Saved entries:
== Segment start ==

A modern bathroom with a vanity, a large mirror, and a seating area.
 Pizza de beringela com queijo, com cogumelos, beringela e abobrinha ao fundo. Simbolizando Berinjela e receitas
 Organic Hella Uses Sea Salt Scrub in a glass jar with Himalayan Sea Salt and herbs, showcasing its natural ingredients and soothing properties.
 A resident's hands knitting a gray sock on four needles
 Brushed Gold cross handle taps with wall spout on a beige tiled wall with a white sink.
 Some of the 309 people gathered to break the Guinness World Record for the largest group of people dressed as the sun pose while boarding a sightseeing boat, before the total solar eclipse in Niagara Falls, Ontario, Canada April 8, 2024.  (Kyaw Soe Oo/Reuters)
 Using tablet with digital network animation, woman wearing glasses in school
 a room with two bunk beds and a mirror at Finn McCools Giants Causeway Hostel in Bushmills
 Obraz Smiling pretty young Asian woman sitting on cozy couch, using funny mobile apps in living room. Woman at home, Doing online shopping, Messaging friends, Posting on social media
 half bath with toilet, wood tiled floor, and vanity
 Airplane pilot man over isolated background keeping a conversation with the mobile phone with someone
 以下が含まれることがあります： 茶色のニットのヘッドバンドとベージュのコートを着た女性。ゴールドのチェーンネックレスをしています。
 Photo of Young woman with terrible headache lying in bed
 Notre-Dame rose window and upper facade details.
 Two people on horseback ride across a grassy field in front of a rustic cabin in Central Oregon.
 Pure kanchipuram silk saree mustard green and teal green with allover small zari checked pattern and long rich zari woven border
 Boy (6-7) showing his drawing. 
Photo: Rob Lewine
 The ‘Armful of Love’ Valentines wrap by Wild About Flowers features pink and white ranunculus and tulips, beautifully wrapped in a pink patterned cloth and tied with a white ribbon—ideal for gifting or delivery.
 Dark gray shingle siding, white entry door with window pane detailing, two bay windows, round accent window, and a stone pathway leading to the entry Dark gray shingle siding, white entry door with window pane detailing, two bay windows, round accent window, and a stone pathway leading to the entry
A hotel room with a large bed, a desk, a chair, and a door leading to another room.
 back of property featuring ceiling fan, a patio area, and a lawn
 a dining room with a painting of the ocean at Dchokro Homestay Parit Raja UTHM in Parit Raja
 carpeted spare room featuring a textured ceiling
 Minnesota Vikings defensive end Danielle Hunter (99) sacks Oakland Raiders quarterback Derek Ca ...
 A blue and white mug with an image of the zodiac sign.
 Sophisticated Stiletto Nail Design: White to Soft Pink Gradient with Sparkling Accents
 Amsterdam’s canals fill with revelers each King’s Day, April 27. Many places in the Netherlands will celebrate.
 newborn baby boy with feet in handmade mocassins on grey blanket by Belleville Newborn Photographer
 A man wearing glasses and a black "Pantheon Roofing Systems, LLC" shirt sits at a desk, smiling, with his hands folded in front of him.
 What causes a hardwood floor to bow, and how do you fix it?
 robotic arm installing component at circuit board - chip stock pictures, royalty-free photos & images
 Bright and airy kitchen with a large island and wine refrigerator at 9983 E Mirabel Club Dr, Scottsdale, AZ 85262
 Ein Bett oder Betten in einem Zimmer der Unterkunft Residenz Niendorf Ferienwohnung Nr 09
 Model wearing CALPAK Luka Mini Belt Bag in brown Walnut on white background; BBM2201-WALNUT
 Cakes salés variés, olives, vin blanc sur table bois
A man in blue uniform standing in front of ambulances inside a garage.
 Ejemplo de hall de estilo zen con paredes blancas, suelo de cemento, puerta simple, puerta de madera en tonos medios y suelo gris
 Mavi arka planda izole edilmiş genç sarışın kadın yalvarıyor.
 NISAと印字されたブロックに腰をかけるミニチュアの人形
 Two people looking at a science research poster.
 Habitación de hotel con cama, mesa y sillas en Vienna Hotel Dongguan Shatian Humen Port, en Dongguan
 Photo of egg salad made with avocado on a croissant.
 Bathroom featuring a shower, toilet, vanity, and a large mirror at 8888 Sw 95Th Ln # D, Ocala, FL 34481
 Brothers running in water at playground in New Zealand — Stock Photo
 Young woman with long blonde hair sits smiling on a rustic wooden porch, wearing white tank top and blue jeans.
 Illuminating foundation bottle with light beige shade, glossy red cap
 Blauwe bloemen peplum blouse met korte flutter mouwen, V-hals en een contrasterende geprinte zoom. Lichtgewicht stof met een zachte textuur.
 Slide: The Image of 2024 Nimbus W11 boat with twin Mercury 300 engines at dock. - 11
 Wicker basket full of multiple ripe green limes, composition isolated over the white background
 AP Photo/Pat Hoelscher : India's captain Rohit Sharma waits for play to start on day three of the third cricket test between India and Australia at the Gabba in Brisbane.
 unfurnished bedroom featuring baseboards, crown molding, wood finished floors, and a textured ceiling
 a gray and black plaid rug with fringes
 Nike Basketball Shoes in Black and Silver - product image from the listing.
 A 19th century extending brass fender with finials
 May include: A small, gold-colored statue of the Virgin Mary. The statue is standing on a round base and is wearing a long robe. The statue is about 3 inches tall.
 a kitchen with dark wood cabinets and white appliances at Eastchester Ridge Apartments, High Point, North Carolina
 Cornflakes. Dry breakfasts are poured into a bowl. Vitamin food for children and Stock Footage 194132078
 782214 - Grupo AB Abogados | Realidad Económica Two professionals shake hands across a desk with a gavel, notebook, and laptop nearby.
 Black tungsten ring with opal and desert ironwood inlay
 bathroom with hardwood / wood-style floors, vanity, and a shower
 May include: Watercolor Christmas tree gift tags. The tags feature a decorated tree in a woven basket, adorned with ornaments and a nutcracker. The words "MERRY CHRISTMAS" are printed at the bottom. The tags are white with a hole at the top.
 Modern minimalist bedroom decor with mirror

== Segment end ==

Task requirements =
Within the data, how many lines hold the word "glasses"? State the number alone.

Output of the exercise =
2